For weeks now, the darkness has grown thicker, heavier. At times I am paralyzed by it. I don’t know where it’s coming from. I get through the days, do the things I have to do because I have to do them, but I spend the majority of my waking life feeling darkly depressed and disconnected.

I have stopped reading about politics entirely, and when friends bring up the election, I shut them up and say I don’t want to hear it. Sometimes I lose it and yell, “I don’t want to know,” or “Don’t you think I know these things already? Can’t we talk about art, play guitar, go to the movies?”

But then my mind will drift. Say I’m driving to work, and I randomly land on a show on NPR talking about how both main presidential candidates share the common platform of caring about the working people and wanting to bring jobs home and blah blah blah while I myself am driving to work on two hours sleep. I am furious. I yell at the radio. “Neither one of you care about the working people! You don’t care about me! You don’t care about any of us!” I sweep my arm to address all the commuters around me driving to their jobs. “You don’t care about my daughter!” I scream. It’s her 18th birthday, the morning I hear this on the radio and lose it in my car. “All you care about is winning!” I scream at the nebulous faces of the power elite.

Maybe that’s what sent me down the darkest of dark spirals. That my daughter is now 18. That she can vote, but look what she has confronting her. Her life. What promises can I make to her?

Last week I was ranting to a friend about how I’m not going to vote, and how I want to divorce myself from the political world entirely, live in my own self-created cocoon. In other words, how I plan on adopting the “fuck it” policy of my life.

I just re-watched Harold and Maude (1971) for the gizzilionth time because it continues to be my favorite movie of all time, and I continue to wish I could model my life after Maude. Maude set her bar at 80. I’m thinking I can’t make it that long, and maybe 60 is a better number.
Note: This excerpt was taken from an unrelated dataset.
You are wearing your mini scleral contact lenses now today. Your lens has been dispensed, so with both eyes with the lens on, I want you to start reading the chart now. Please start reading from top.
It’s that bad inside and outside my world right now.

Earlier in the morning, I find myself vacuuming my house. I grab the vacuum and violently untangle the cord, cursing it and every cord that constantly needs to be untangled in my life. Tears run down my cheeks as I push the vacuum back and forth across the family room rug. I am ranting and screaming to no one in particular. I scream about my mother. I scream about all the motherfuckers who have hurt me. I question why working so hard to keep a roof over my daughter’s head doesn’t count for jack shit. I scream about how tired I am, that I have worked my whole life, and for WHAT? I scream random spews at everyone and everything. Anger roils and gurgles out of me. I finally turn off the vacuum, run into my bedroom, slam the door, sit on the edge of the bed and sob.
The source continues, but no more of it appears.